Daily Archives: March 13, 2009

Questions About the German Language Classification

Updated March 28. In response to some criticisms, I agreed with Professor den Besten in part by removing Limburgs and South Gulderish from Macro-German. I put them in Macro-Dutch, which I will hopefully do a post on in the future. With languages like these, it’s pretty hard to tell where Dutch ends and German begins.I also split Veluws into East Veluws, which stayed in German, and West Veluws, which moved over to Dutch.

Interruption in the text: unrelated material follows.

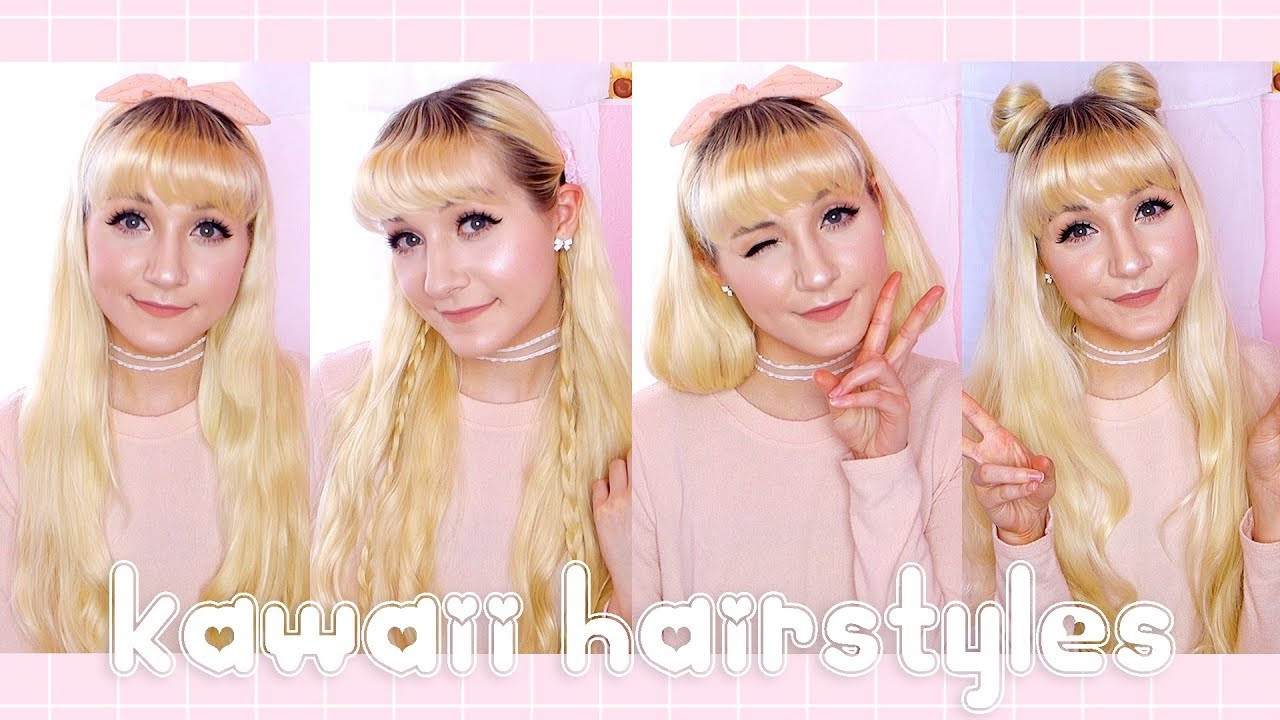 Kawaii Anime Hairstyles
 Simple Kawaii Hairstyles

In response to the German language post, Hans den Besten, a top Dutch Germanist linguist, first agrees broadly with my classification, but then makes a critique about the scope of Macro-German:

But what is lacking is a definition of what counts as a German dialect. This may differ from case to case. The Low Saxon dialects of the Netherlands may have been included because they are an extension of Low Saxon Niederdeutsch, even though they are under the roof of Schrift-Dutch rather than Schrift-Deutsch. That Limburgish has been included may be due to a couple of High German Low German isoglosses running through that area. But if even South Guelderish and Veluws are included (in so far as I know Veluws is Franconian but for the eastern strip along the Overijssel) I don’t see any reason why Brabantian-East Flemish, West Flemish, Zealandic and Hollandic should be excluded. Furthermore, the exclusion of West and North Frisian also needs some justification. Referring to Anglo-Frisian isoglosses will not be enough because unlike English these languages share a lot of syntax with the rest of Continental West Germanic, since they are SOV cum Verb Second. And if we try to set the two Frisians apart by referring to the idiosyncrasies of the verbal cluster (no Ersatz-Infinitiv, strict head-final order but for the Frisian “kortstaarten” litt. ’short tails’) then — maybe — Gronings should be taken out of your list of German dialects/languages because it shares a lot of verbal cluster syntax with West Frisian.

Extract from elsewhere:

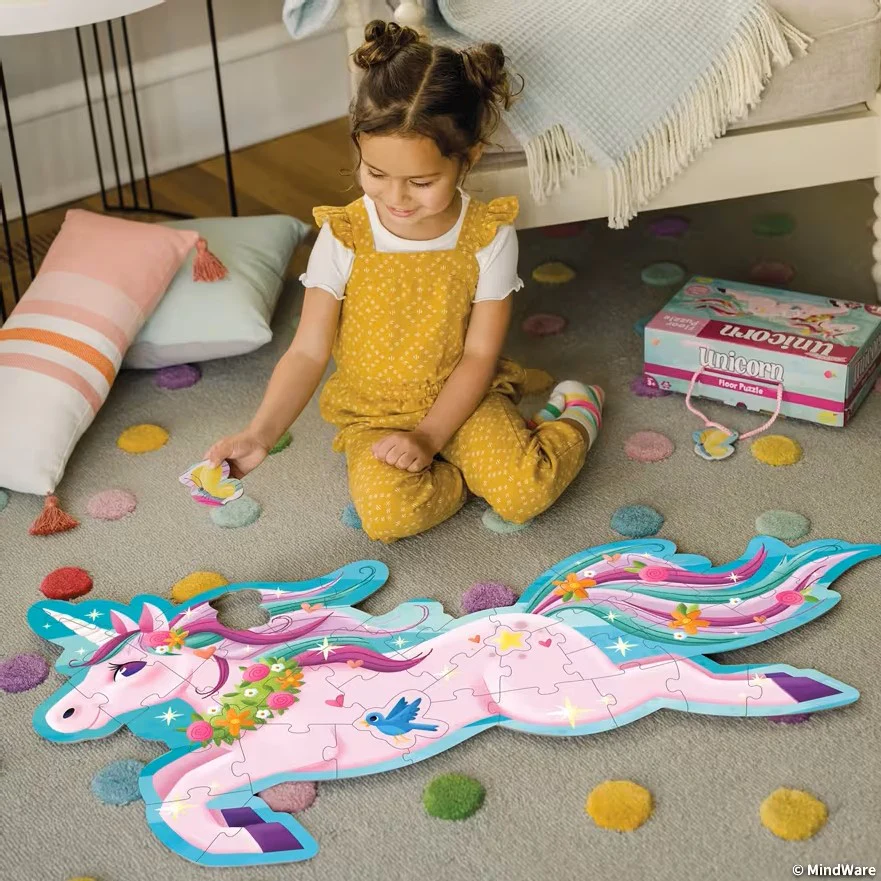Casse-tête de plancher - Licorne scintillante - 44 pièces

Hans poses a number of interesting questions about the borders of Macro-German. Let’s look at them one by one.

The Dutch dialects and languages are on this page. As Brabantian-East Flemish, West Flemish, Zealandic and Hollandic are listed as Dutch on that page, I am treating them as Macro-Dutch and not Macro-German.

As far as Gronings goes, I am treating it as Macro-German due to Ethnologue’s grouping here. As you can see, Low Saxon is treated as separate from Macro-Dutch there and also in my treatment. To me, it is better to see Macro-Dutch as something equal to Low Franconian and to put Low Saxon in with Macro-German.

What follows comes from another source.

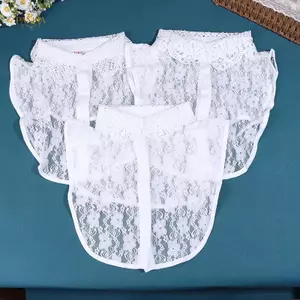 PNPIA- Ren Nữ Có Thể Tháo Rời Cổ Vintage Chắc Chắn Đứng Cổ Giả Áo Có Thể Điều Chỉnh Quần Áo Nữ Cổ Giả Quần Áo Phụ Kiện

In terms of Frisian, Ethnologue places it outside of Macro-German altogether along with English in the West Germanic Family. Keep in mind that Germanic and German are not synonymous. After all, Swedish is Germanic but not German.

As far as Veluws, Ethnologue sees it as Low Saxon and not as Low Franconian.

Ethnologue has no listing for South Guelderish or for anything similar. South Guelderish is a very confusing classification, that, if anything, looks like a sister language to Limburgs, if not a part of Limburgs itself.

After conferring with a Dutch linguistics professor, I have now decided to remove Limburgs, South Guelderish and the related Low Rhenish lects spoken across the border in Germany from Macro-German.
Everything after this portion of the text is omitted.